待赵老三老实了,赵井梧才松手:“压进去吧。”
她嫌恶的别过脑袋,自己伸手摸了一把刚刚被赵老三啐痰的左脸,像是有万千蚂蚁啃食一般。心中连连作呕。
“爷,没事儿吧?”耀东丢掉帕子,小跑了过来,凑上来看了一眼她的左脸,没什么大问题,耀东心里暗自舒了一口气,好在刚刚吐痰的是她亲三哥,若是旁人,估摸着嘴都能被缴起来。
赵老三没了力气,被扔在堂上跪着,嘴里骂骂咧咧,长衫又顺着撕了一块儿,赵井梧走过他身旁的时候,他往边上侧身,抖了抖眼神,估摸着还没清醒。冲着赵井梧嘿嘿的笑。
赵井梧这会儿没看到大哥,撇开赵老三,兀自走到侧厅坐下,刚抿一口茶的功夫,赵老大就带着管家步履匆匆迎了过来。
“大哥。”赵井梧喊了一道。
赵老大应了她一声,一撇头就瞧见赵老三跪在堂上,蔫了吧唧,衣衫不整,瞬间脾气就上来了。
“这腌臢玩意,简直有辱赵家门风!”自从赵老爷子死后,这赵家自然就由赵老大来当,他有心管着赵家几个弟妹,偏就这个赵老三成天不是要钱就是闹分家。
“三哥喝醉了,一时半会怕是醒不了。”赵井梧脱了外套,站到赵老大身边,垂着眼神打量赵老三,赵老三瞧不上她,她也是瞧不上赵老三的。不过好在她是人,赵老三却成天要当狗。
“去打一盆水来。”赵老大冷声下了命令,下人一旁站着,听到吩咐赶紧就着小铜盆打来清水。
赵老大瞧了一眼:“用清水做什么,换厨房的泔水。”
赵井梧心里猜的透,但是她也没想着阻止,拉着耀东站在一旁看着。
管家能猜出个十八九分,却没敢动手,颇有些为难,赵老大转过头道:“怎么,要我亲自动手?”
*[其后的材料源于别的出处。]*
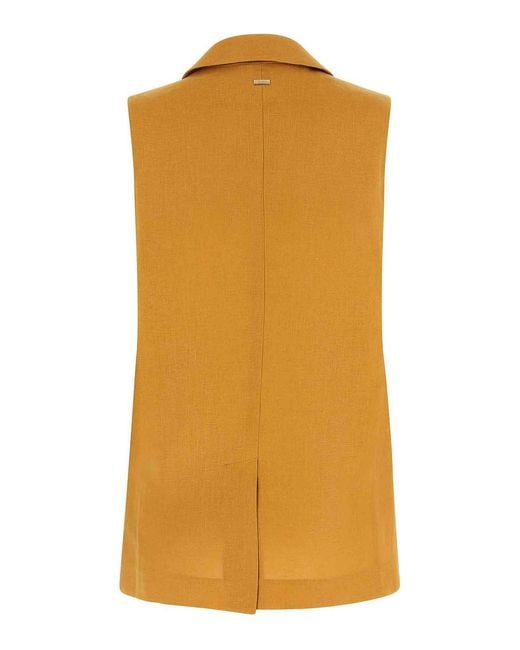 Herno Yellow Linen Vest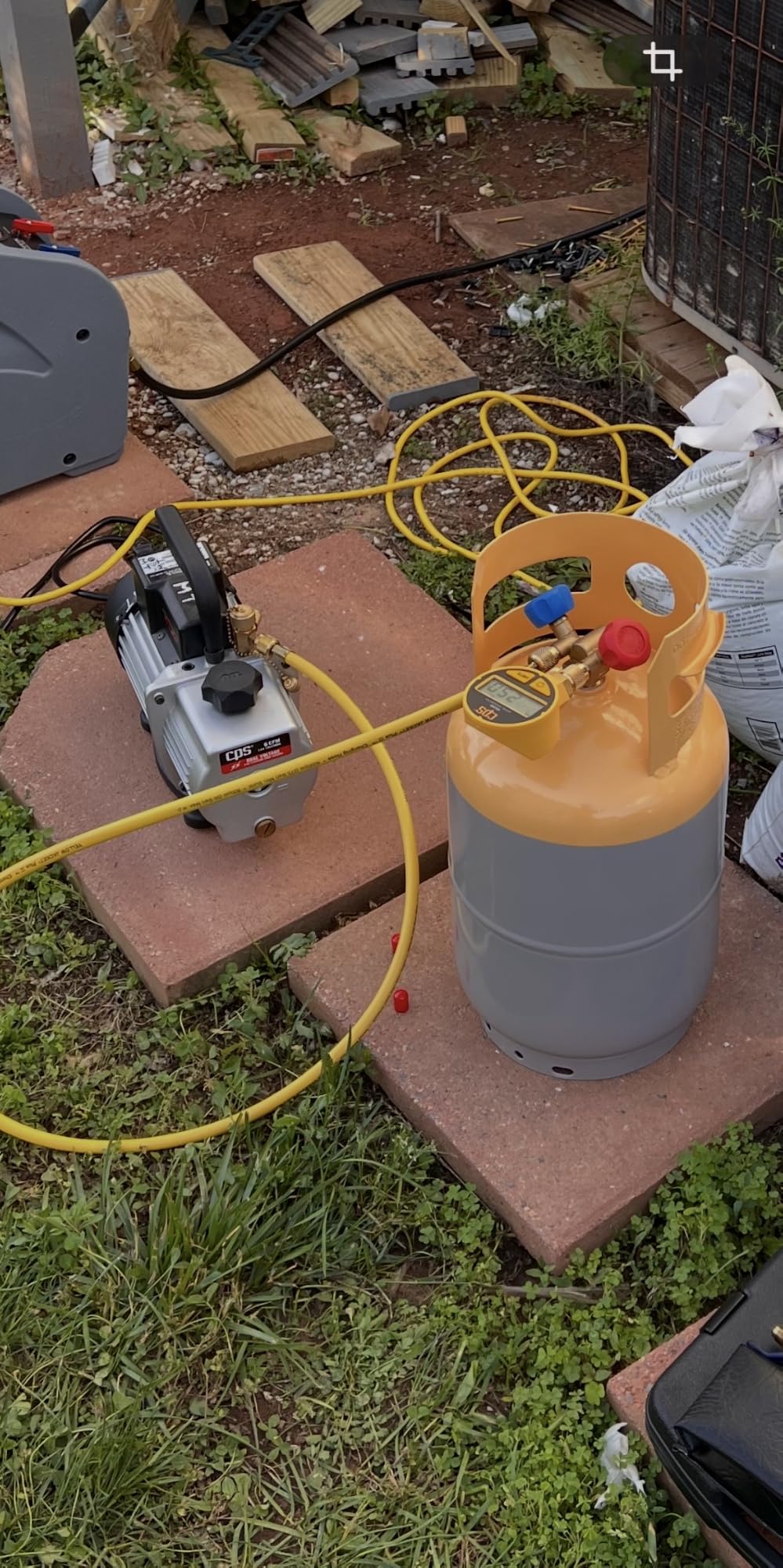 Mastercool 62010 30 lb Refrigerant Recovery Cylinder customer photo 1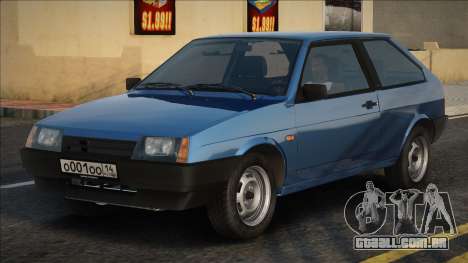 VAZ 2108 azul para GTA San Andreas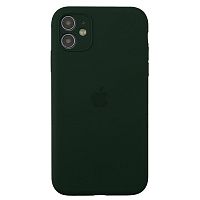 Чохол накладка xCase для iPhone 11 Silicone Case Full Camera Forest green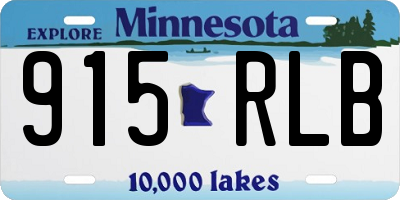 MN license plate 915RLB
赵老三虽然混,好歹是赵家三少爷,管家动作还是迟疑了一会儿,赵老大脸色一沉,夺过泔水桶,就着地上的赵老三就泼了过去。
堂上登时弥漫着一股腐烂味,赵老三被吓得不轻,一下子就弹坐起来:“哪个不要命的泼老子?”
下人见他这副狼狈样,都捂着嘴偷笑,赵老大闻言,负手走近他:“是我!我就是那个不要命的,你想如何?”
赵老三这下子清醒过来:“大哥?”,他缩了缩脖子,挪到赵老大跟前:“怎么是您呢大哥,我这以为是哪个不要脸的....”
赵老三还是忌惮大哥的,他顺着堂上的一众人扫了一圈,惊觉过来的时候,自己双手都被捆着,身上还散发着一股子恶臭,又羞又恼。
“你说,爹书房的钥匙是不是你拿的?”
“不是我!不是我!”赵老三连连狡辩,赵老爷子临死那会儿,身上一个值钱的物件都没有,赵老三心里早就惦记着他那块金怀表,奈何哪里都找了,就是没发现。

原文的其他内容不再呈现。